German authorities said a flight took off Friday morning carrying 81 Afghans, all of them men who had previously come to judicial authorities’ attention and had had asylum applications rejected.
Chancellor Friedrich Merz said the deportation was carried out with the help of Qatar and preceded by weeks of negotiations. He also said there were contacts with Afghanistan, but didn’t elaborate.
More than 10 months ago, Germany’s previous government deported Afghan nationals to their homeland for the first time since the Taliban returned to power in 2021. Then-Chancellor Olaf Scholz vowed to step up deportations of asylum-seekers.
Merz noted that, while diplomatic relations between Germany and Afghanistan have not formally been broken off, Berlin doesn’t recognize the Taliban government in Kabul.
“The decisive question is how one deals with this regime, and it will remain at technical coordination until further notice,” he said at a news conference in Berlin.
The Interior Ministry said the government aims to carry out more deportations to Afghanistan, but didn’t specify when that might happen.
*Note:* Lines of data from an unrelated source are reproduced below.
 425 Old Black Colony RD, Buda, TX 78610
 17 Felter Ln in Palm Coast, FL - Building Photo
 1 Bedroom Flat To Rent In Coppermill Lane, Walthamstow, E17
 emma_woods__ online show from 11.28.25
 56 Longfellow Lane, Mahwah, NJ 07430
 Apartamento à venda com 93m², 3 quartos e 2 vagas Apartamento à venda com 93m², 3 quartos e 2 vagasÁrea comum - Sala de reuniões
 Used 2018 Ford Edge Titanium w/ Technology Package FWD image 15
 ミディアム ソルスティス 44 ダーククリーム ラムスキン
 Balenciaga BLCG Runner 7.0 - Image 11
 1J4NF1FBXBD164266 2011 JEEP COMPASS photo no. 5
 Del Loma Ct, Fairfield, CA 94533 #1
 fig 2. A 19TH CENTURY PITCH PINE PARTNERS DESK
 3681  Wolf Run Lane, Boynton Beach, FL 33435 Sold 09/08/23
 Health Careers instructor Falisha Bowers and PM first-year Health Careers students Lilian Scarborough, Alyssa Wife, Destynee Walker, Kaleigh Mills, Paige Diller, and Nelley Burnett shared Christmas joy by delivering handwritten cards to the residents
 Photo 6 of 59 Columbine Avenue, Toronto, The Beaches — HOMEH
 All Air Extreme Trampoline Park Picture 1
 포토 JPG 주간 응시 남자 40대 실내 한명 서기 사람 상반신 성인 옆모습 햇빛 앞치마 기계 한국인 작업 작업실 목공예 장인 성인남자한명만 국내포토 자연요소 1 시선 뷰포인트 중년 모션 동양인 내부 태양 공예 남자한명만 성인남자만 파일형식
Merz made tougher migration policy a central plank of his campaign for Germany’s election in February.
Just after he took office in early May, the government stationed more police at the border — stepping up border checks introduced by the Scholz government — and said some asylum-seekers trying to enter Europe’s biggest economy would be turned away. It also has suspended family reunions for many migrants.
Asylum applications declined from 329,120 in 2023 to 229,751 last year and have continued to fall this year.
“You can see from the figures that we are obviously on the right path, but we are not yet at the end of that path,” Merz said.
The Afghan deportation flight took off hours before German Interior Minister Alexander Dobrindt plans to discuss migration with his counterparts from five neighboring countries — France, Poland, Austria, Denmark and the Czech Republic — as well as the European Union’s commissioner responsible for migration, Magnus Brunner. Dobrindt is hosting the meeting on the Zugspitze, Germany’s highest peak, on the Austrian border.